2行目の「糞」という俗が、意味をさらに引き剥がす。
ことばだから、「意味」は探そうと思えばいくらでも探せる。つまり、つけくわえることができる。けれど、西脇のことばは、意味を拒んでいるように思える。意味から逸脱していくように思える。
「汝の糞は流れて、ヒベルニアの海/北海、アトランチス、地中海を汚した」の改行のリズムがその印象を強める。「汝の糞は流れて、ヒベルニアの海」という1行は、完全に意味を拒んでいる。述語「汚した」は次の行の最後になるまで登場しない。それまで「ヒルベニアの海」は、意味とは無関係なところに宙吊りになっている。ただ「音」として浮かんでいる。そして、音として疾走しはじめる。モーツァルトの音楽のように。
ヒルベニアの海、北海、アトランチス、地中海。この海の羅列も、カタカナの混じり具合がとてもいい。(このカタカナは「カンシャク」のカタカナと響きあっている。)
海そのもの(場所)というより、そこに描かれているのは音、あえていえば波の音である。
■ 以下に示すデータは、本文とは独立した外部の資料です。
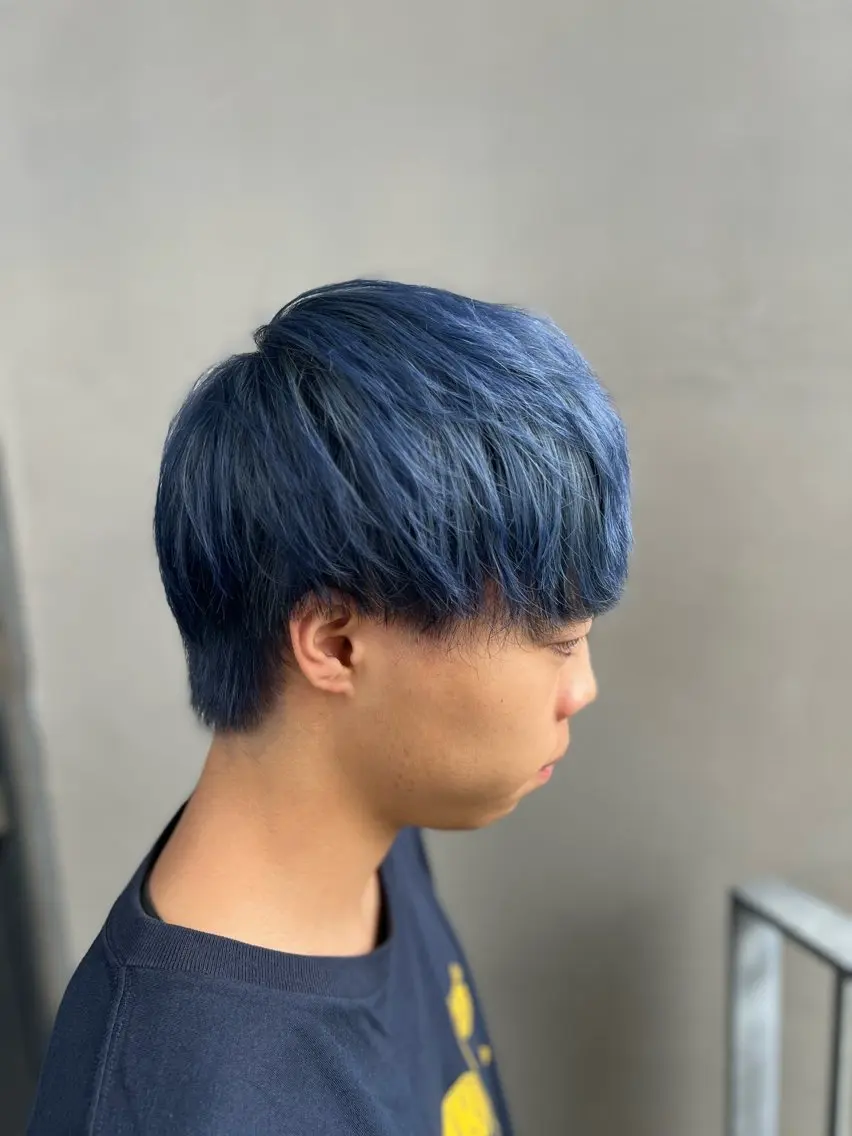 カラー メンズ カット ヘアカラー トリートメント ダブルカラー寒色系 ボリューム改善ハヤトのヘアスタイル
水の音である。言い換えると、海だけれど、そこに描かれているのは「水の色」ではない。
そのあとの転調は西脇独特のものだ。「旅人」は「たびびと」と読むのだと思うが(私は、「たびびと」と読んでいるが)、カンシャクという音と向き合っている、そのゆっくりした音、なつかしいような音が、カタカナとは違ったものを要求するのだろうか。一転して、やわらかい音にかわる。
カタカナは消える。そして、
あけびの実は汝の霊魂の如く
夏中ぶらさがつてゐる
この「あけび」の美しさ。音のゆっくりした動き。そして、重さ。カンシャクは速くて軽い音と比べると「あけび」の異質な音がよくわかると思う。
その音の中に薄紫の色がぱっと広がる。それは、前の行の「夜明け」の中にひそむ色かもしれない。--たしかに、西脇は絵画的詩人でもあるのだが、その色の呼応の影には「け」の音、「よあけ」「あけび」の呼応もある。
そして、このゆったりと重い音は、「霊魂」にもふさわしい。ひらがなで書くと「れいこん」だが、実際の「音」を再現すれば「れえこん、れーこん」。「え」の音がゆったりとのびる。つづく「ごとく」の濁音の重石もとてもきもちがいい。
最終行の「夏中」にものばす音と濁音がある。そしてそれがそのまま形となって「ぶらさがつてゐる」。